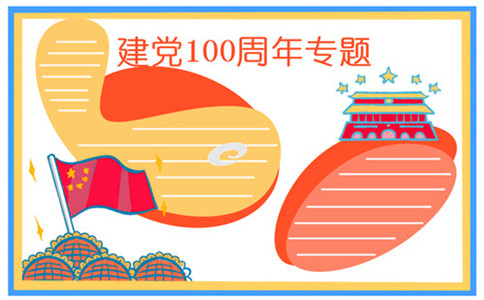 eman安卓版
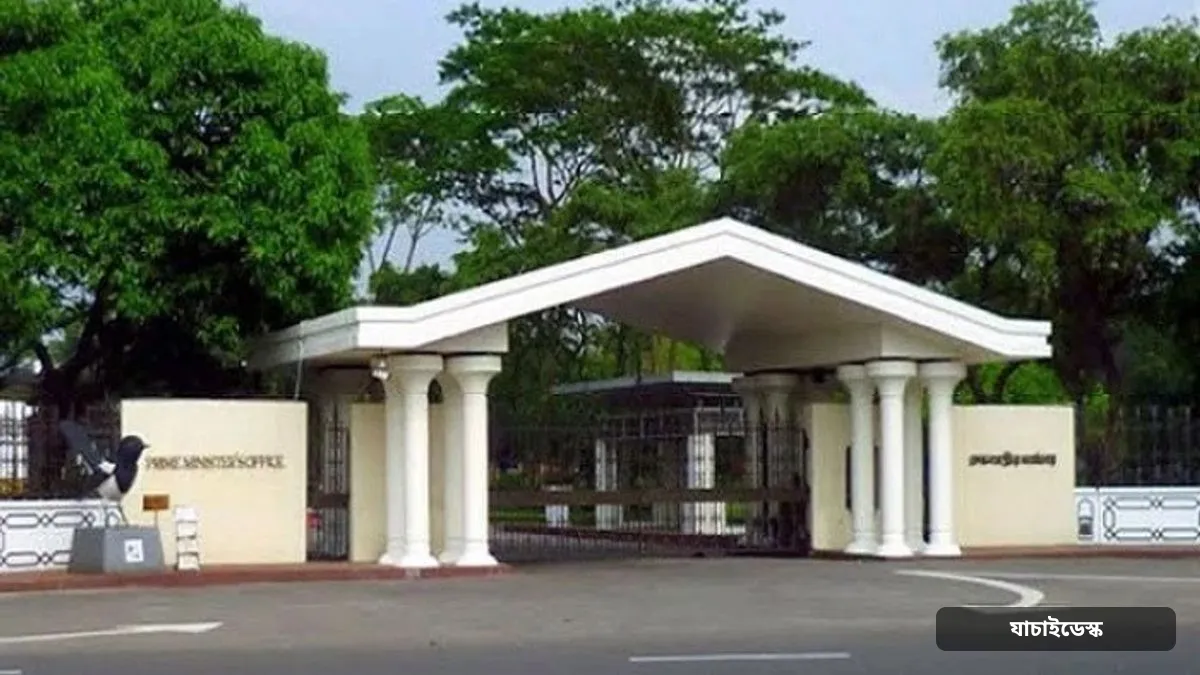 প্রধানমন্ত্রীর নিউইয়র্ক সফর নিয়ে সংবাদ সম্মেলন বিকেলে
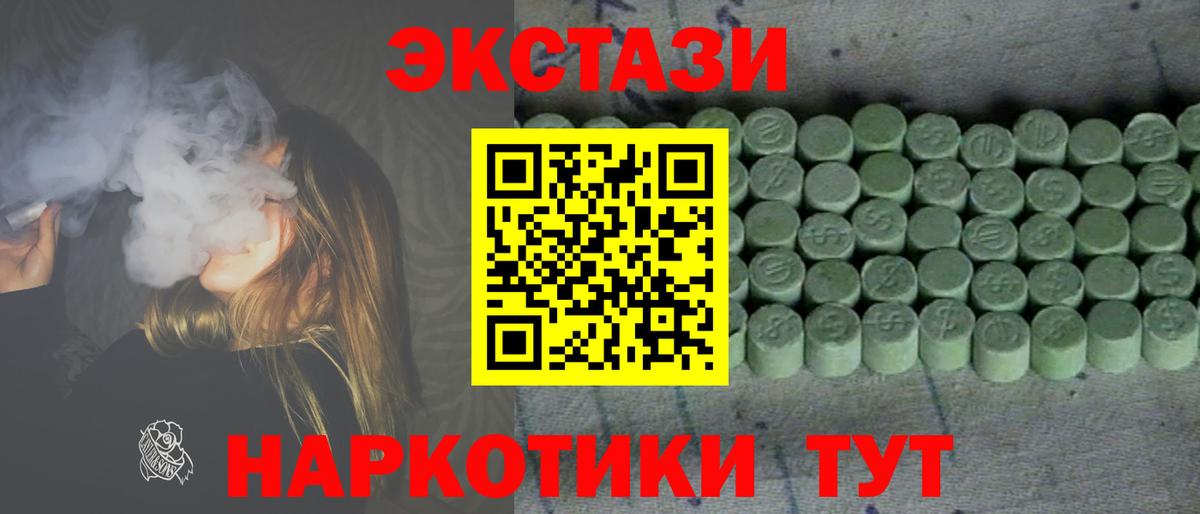 Волгоград  Экстази 300 mg  что такое   ЭКСТАЗИ таблы  Вход с VPN  Ecstasy 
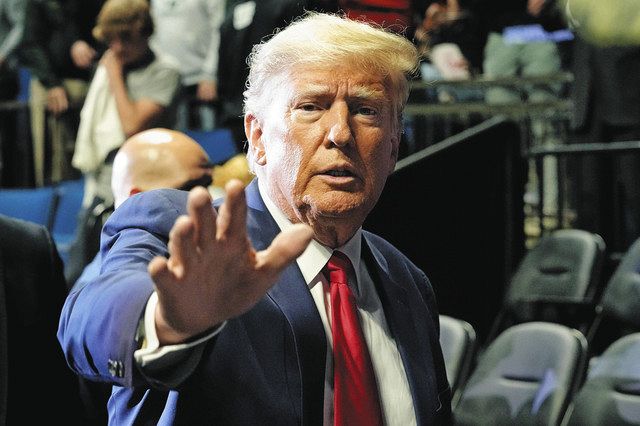 Former President Trump (AP) in Tulsa, Oklahoma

▶ _TASK ITEM_
Print the data word for word and omit the pictures.

▶ _ANSWER SECTION_
 eman安卓版
 প্রধানমন্ত্রীর নিউইয়র্ক সফর নিয়ে সংবাদ সম্মেলন বিকেলে
 Волгоград  Экстази 300 mg  что такое   ЭКСТАЗИ таблы  Вход с VPN  Ecstasy 
 Former President Trump (AP) in Tulsa, Oklahoma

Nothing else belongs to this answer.